TASK INSTRUCTIONS:
Locate the line containing "Dinky Toys No.101" in the entries below, then retype it and every later line exactly, leaving out pictures.

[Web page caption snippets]
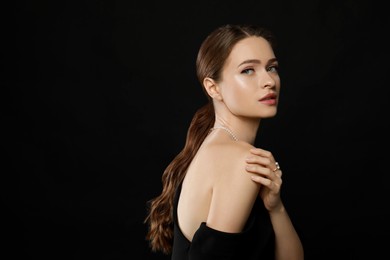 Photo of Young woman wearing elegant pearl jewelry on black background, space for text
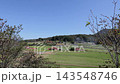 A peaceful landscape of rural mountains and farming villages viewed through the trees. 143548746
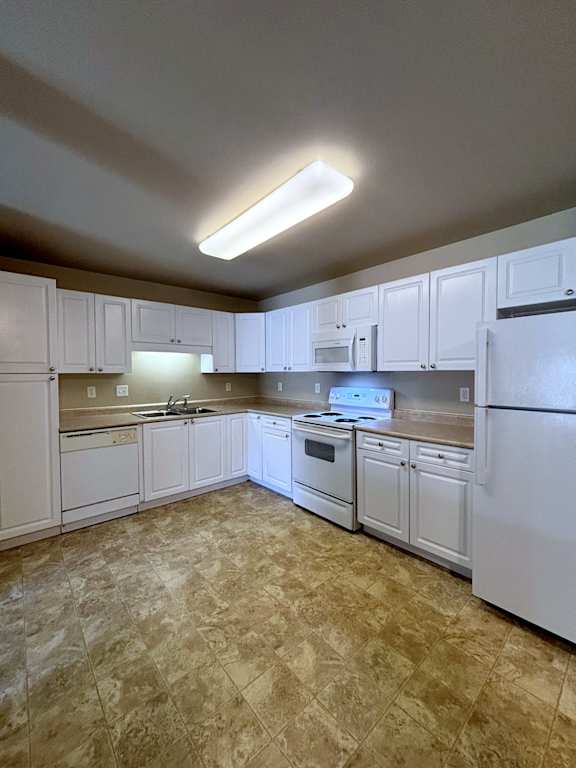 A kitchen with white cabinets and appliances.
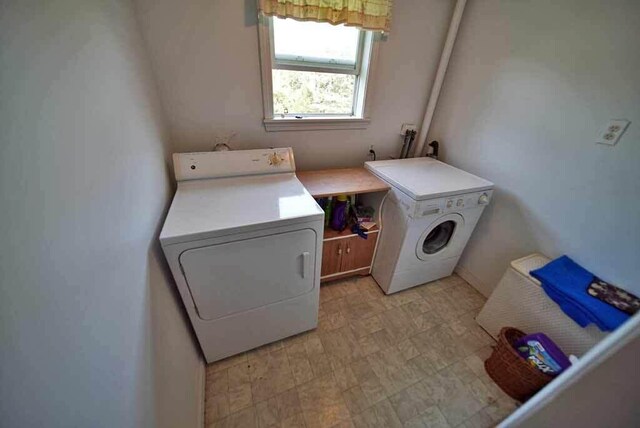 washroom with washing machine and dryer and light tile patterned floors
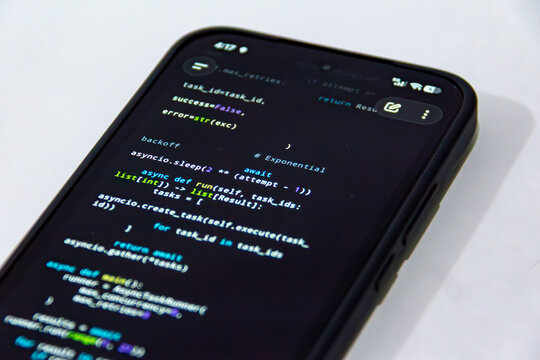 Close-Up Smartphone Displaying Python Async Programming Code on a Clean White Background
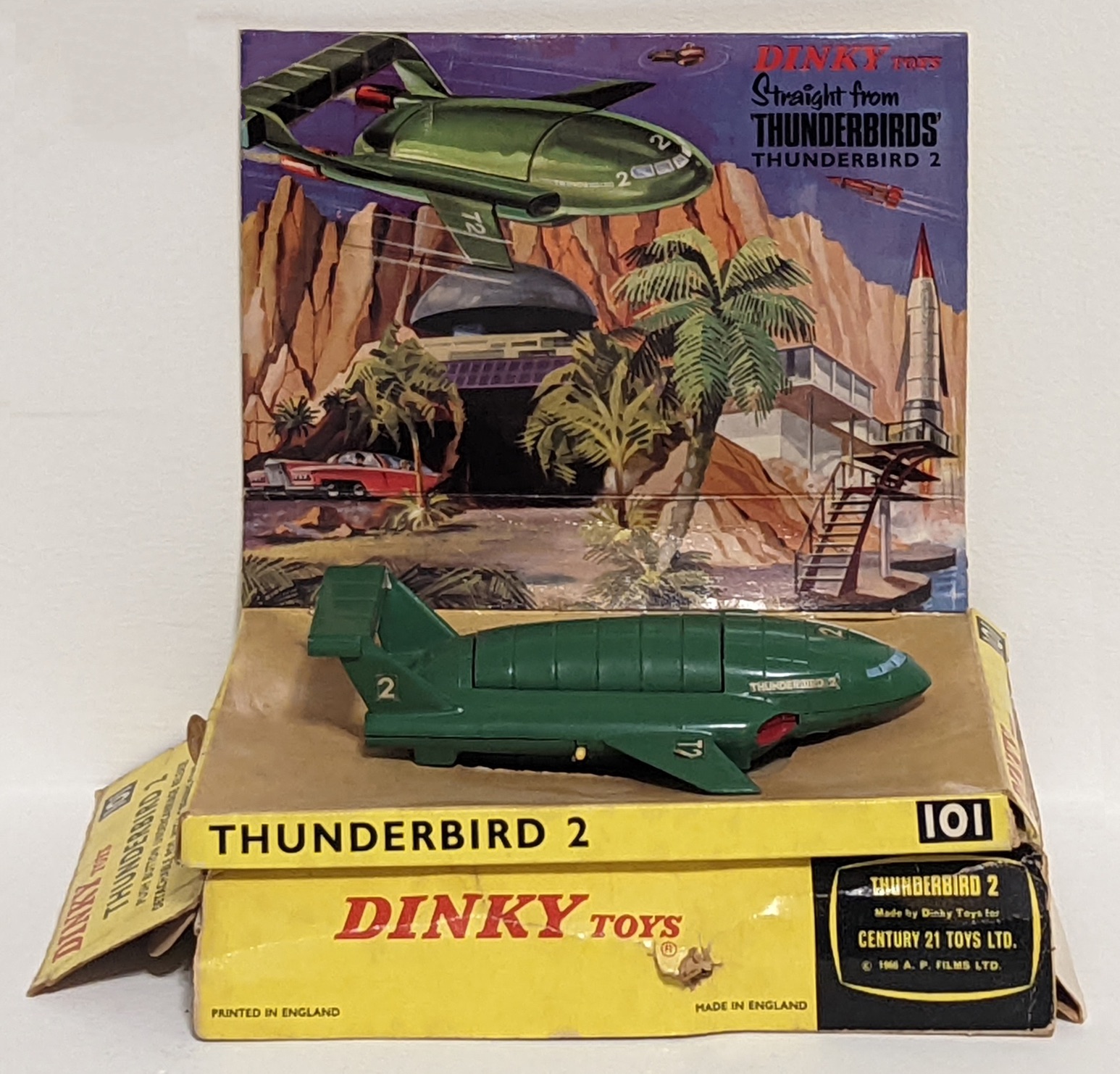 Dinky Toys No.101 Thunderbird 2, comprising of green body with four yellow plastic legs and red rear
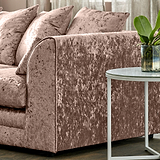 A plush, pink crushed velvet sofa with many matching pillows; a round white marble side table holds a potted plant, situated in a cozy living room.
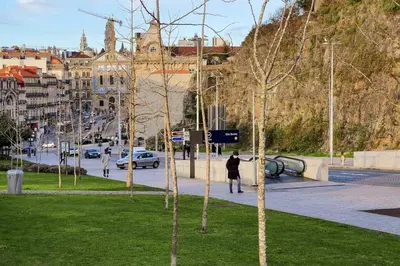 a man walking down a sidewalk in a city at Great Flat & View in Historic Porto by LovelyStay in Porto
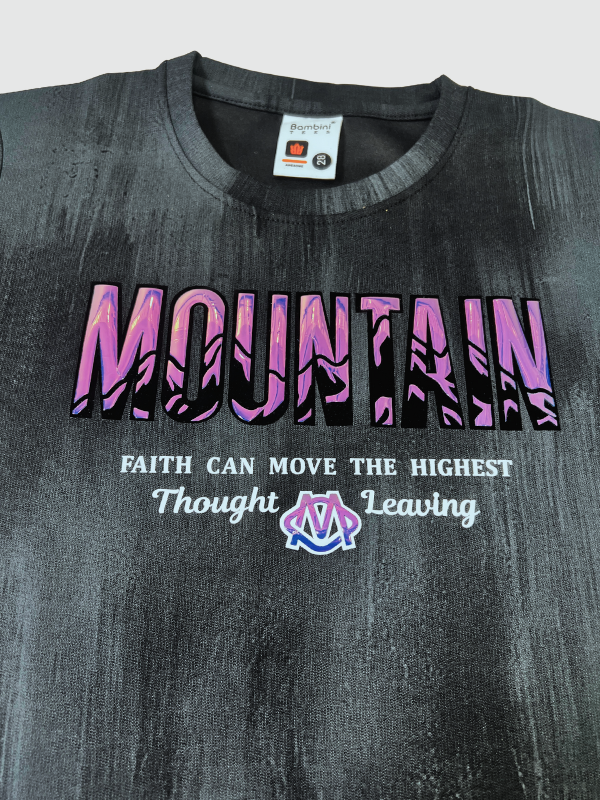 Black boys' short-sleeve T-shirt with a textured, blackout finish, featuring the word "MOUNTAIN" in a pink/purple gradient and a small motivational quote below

OUTPUT FOR THIS EXERCISE:
 Dinky Toys No.101 Thunderbird 2, comprising of green body with four yellow plastic legs and red rear
 A plush, pink crushed velvet sofa with many matching pillows; a round white marble side table holds a potted plant, situated in a cozy living room.
 a man walking down a sidewalk in a city at Great Flat & View in Historic Porto by LovelyStay in Porto
 Black boys' short-sleeve T-shirt with a textured, blackout finish, featuring the word "MOUNTAIN" in a pink/purple gradient and a small motivational quote below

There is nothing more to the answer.